He came back the following year and posted 101 points, right in line with what he was doing before the hit. 3rd in the NHL in scoring. Career high in SOG.

The year after that, he probably wins the Art Ross if he doesn't miss 8 games through injury. 42 goals in 74 games in the darkest season of the dead puck era.

For two years after the injury, he was every bit as good as he ever was. Or damn close.

Then in 2000-01, we see his play start to fall off - his regular linemates change as Rucchin misses almost the entire season and then Selanne is traded. SOG go way down. And those trends just continue from there.
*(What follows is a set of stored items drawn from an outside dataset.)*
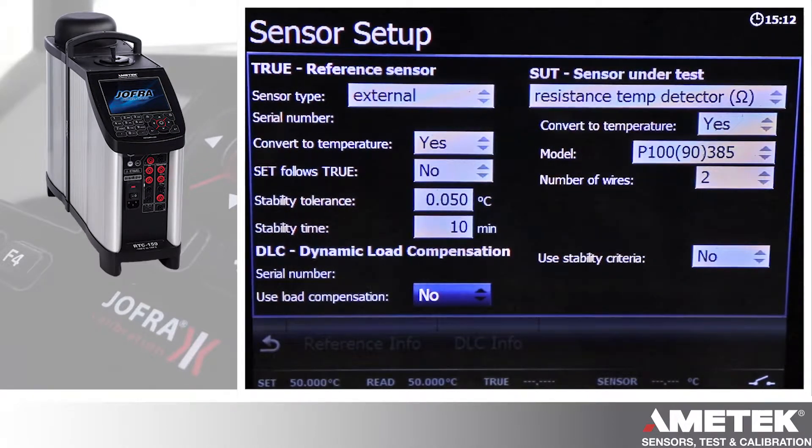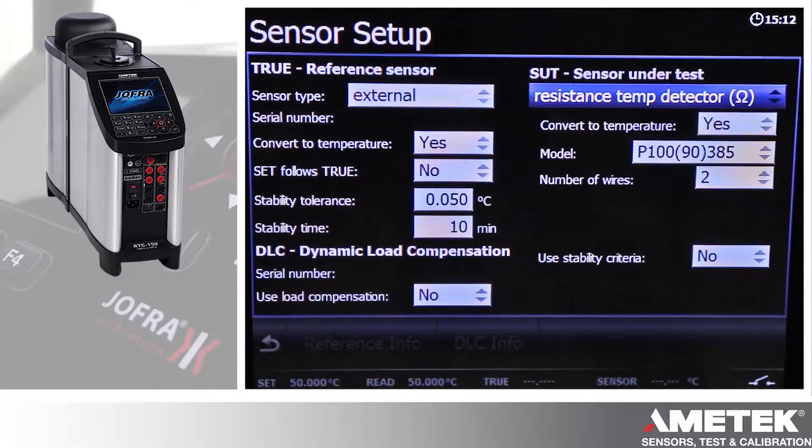Here is use load compensation for your DLC sensor for the B version, and then you can define your sensor under test. Here we happen to have an RTD converting to temperature — it's a two-wire 385 RTD — and you can choose to use stability criteria. There are settings for transmitters as well.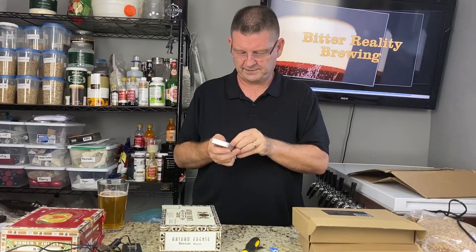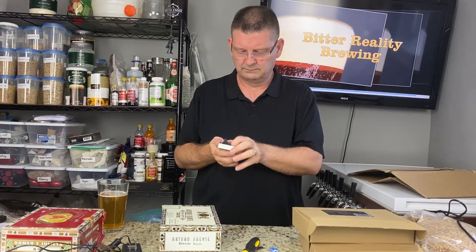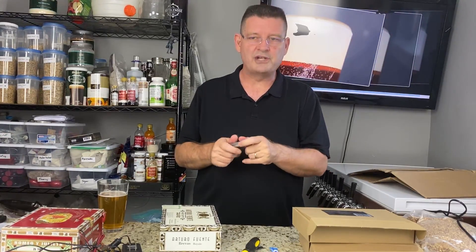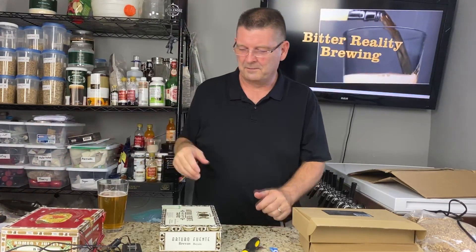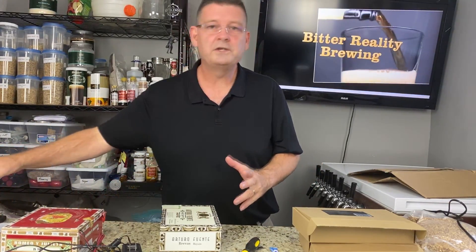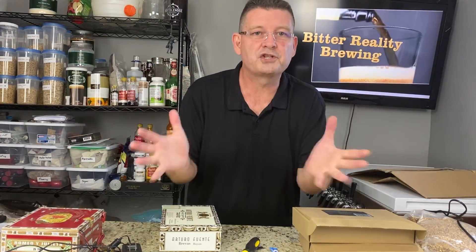Do not put these near electronics — I promise you, do not. They're very strong and they will jack it up, especially screens or video screens. So let me show you what most people will tell you on the internet on how to make a stir plate.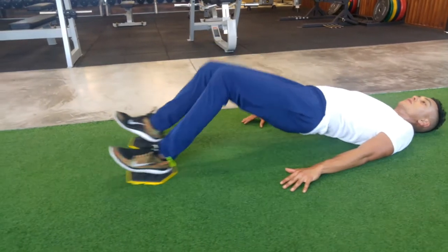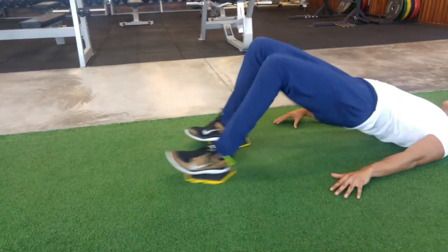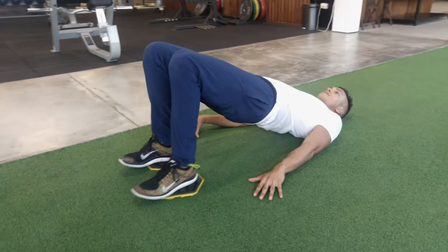This works more of your hamstrings than your glutes, and make sure that your hips stay off the ground the whole time.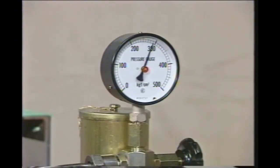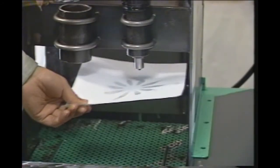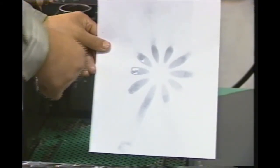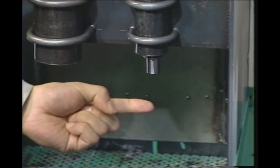Make sure the nozzle sprays properly a couple of times at 300 kilograms per square centimeter. Avoid touching the nozzle while performing the test. Make sure that oil does not leak from the nozzle tip injection holes.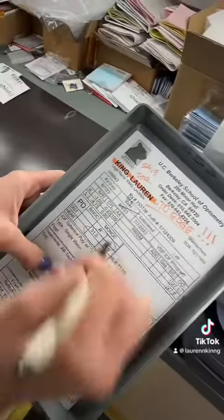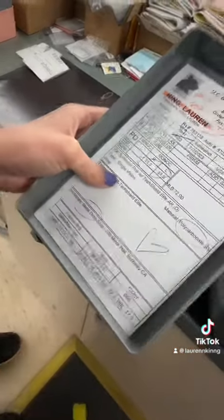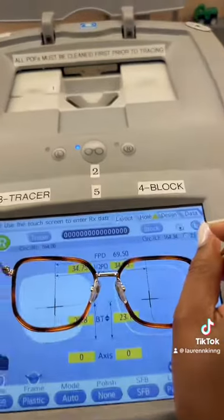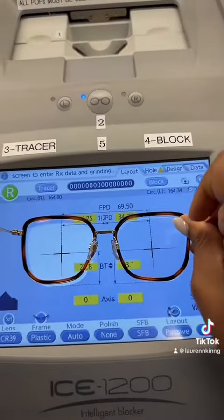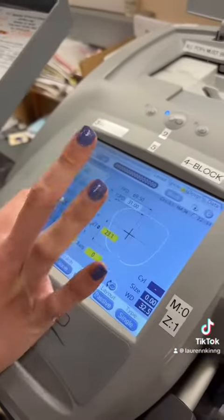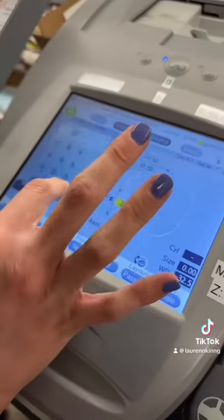Next, we circle all the important information that we'll need to insert into the tracer so that the edger can make the perfect lens. It is very important to make sure that the frame was traced correctly and it matches the actual frames that you have in your hands. This is Jordan inserting all of that important information that we just circled so that the blocking process can run smoothly.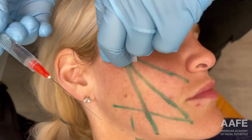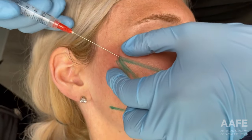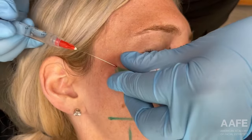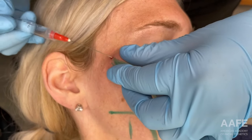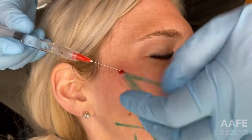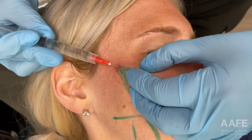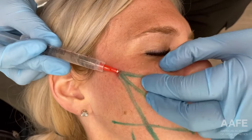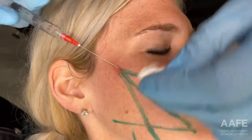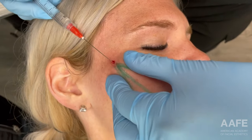Now I'm going to use my cannula to numb my individual vectors, going back in that same entry point. This is a blunt tip cannula, which is why we have to first go in with the pilot needle. We're administering a little bit of lidocaine in these vectors so that when we come back with our threads, she doesn't feel too much.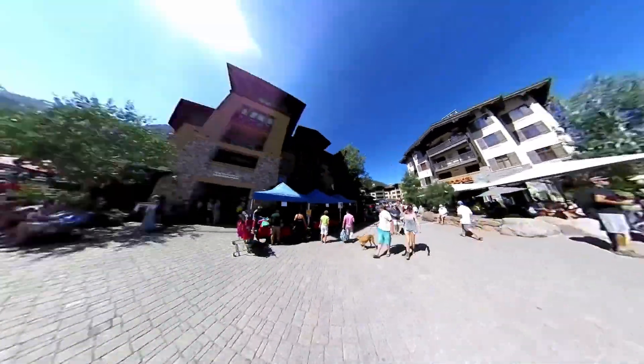So me and my wife were just having a beautiful day on Lake Tahoe — we were kayaking, seeing the beautiful mountains around.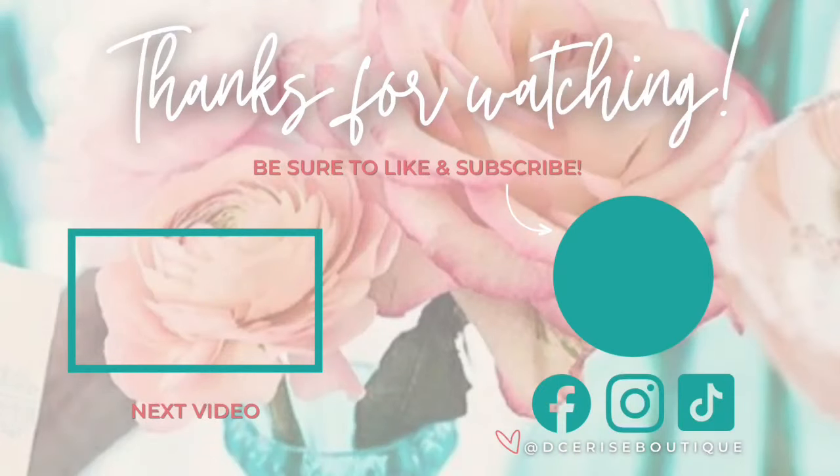Thanks so much for watching, you guys. If you have any questions or comments, drop them down below. Be sure to like and subscribe to my channel, and follow me on Facebook, Instagram, and TikTok at dseriesboutique. Also feel free to join my community for makers, Tumblr Tutors, on Facebook — linked in the description below. See you guys next time.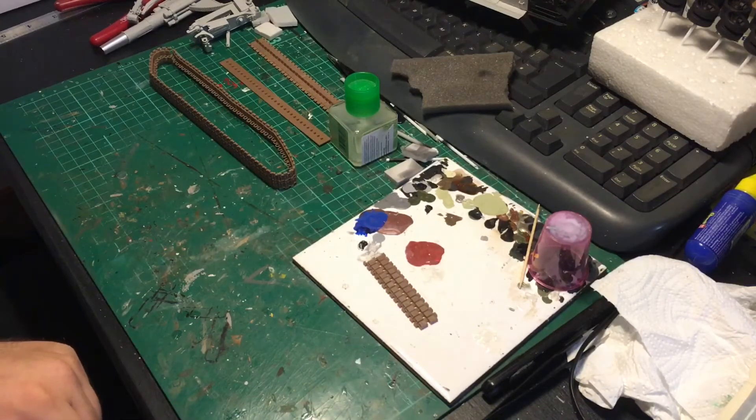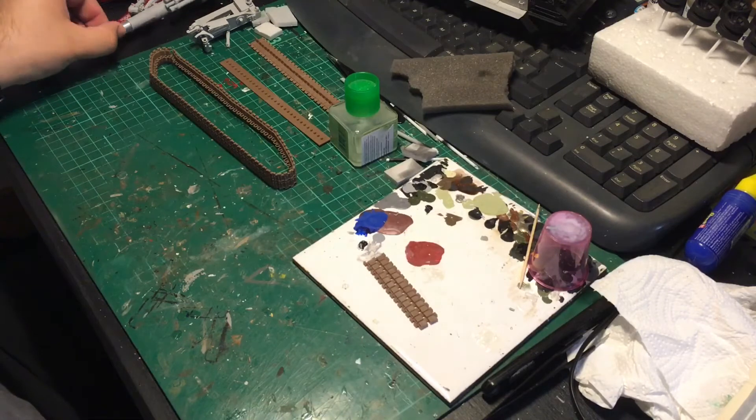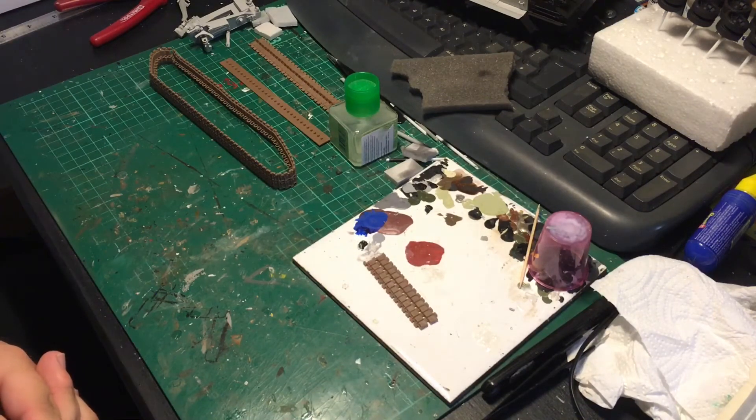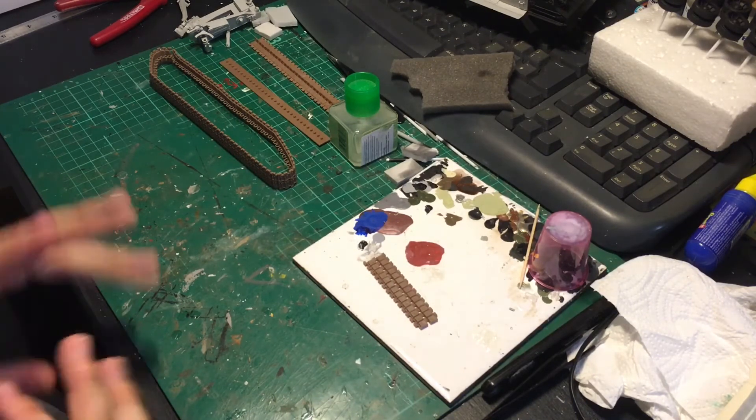At that point I'll do a double check through the instructions to make sure I haven't missed anything. I do still have the gun elevation cylinders to construct, so I'll have a look at how they go on and whether they can be made up to be primed at the same time and then attached later on.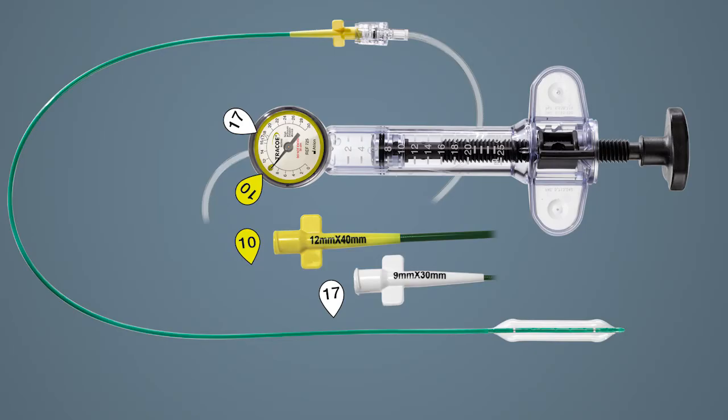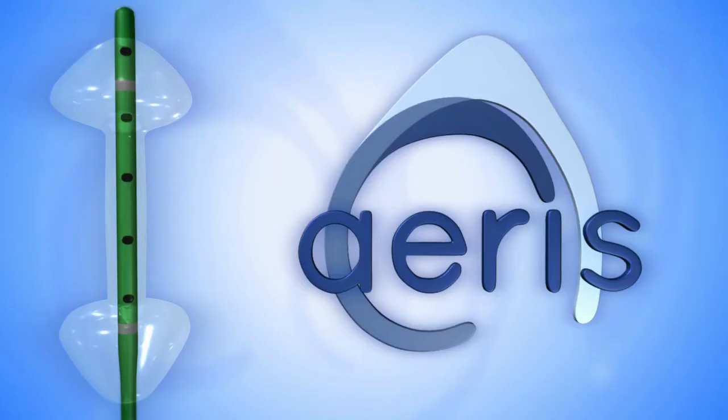Additionally, there is only one of two possible inflation pressures on each ARIS balloon. The color-coded lure locks correspond to the proper pressure settings on the inflation device gauge.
Personally I find it hard to believe that he was 'destroyed' by the Suter hit, just with a two-year delay on that effect, while all the while he continued on as a top-3 forward on the planet.
Yes we have had this conversation before, God bless these boards . Alright, my idea is that starting in 1998-'99 we saw a little different version of Kariya. He had 101 points but there was that dynamic that was misisng in him. It was a quiet season for him. Hard to believe that a 101 point guy would have had a quiet season, but he did relatively. 1999-'00 was a horribly weak year for forwards and Kariya and Selanne were not the duo they were by then either. There were a ton of injuries in the NHL at this time and even Pierre Turgeon was a player that could have snagged the Art Ross had he played all of his games and everyone else stayed the same. After 2000 it got worse for Kariya. He was easily a different player then, but the decline was starting before 2001. It was just slow. Basically he peaked in 1997, which shouldn't have happened. By 2003 he had a 25 goal season. That shouldn't have happened to a guy with his speed, his shot, his skill. I can't say for sure if Suter's hit hurt him (this isn't quite as clear as Gretzky being hit in 1991) but he got cross checked in the mouth after he scored a goal by Suter. This shows you the willingness he had to score at that time and the fact that we rarely saw this from him afterwards tells me he got a little more timid. When I think of vintage Kariya I think of 1997. Not post 1998.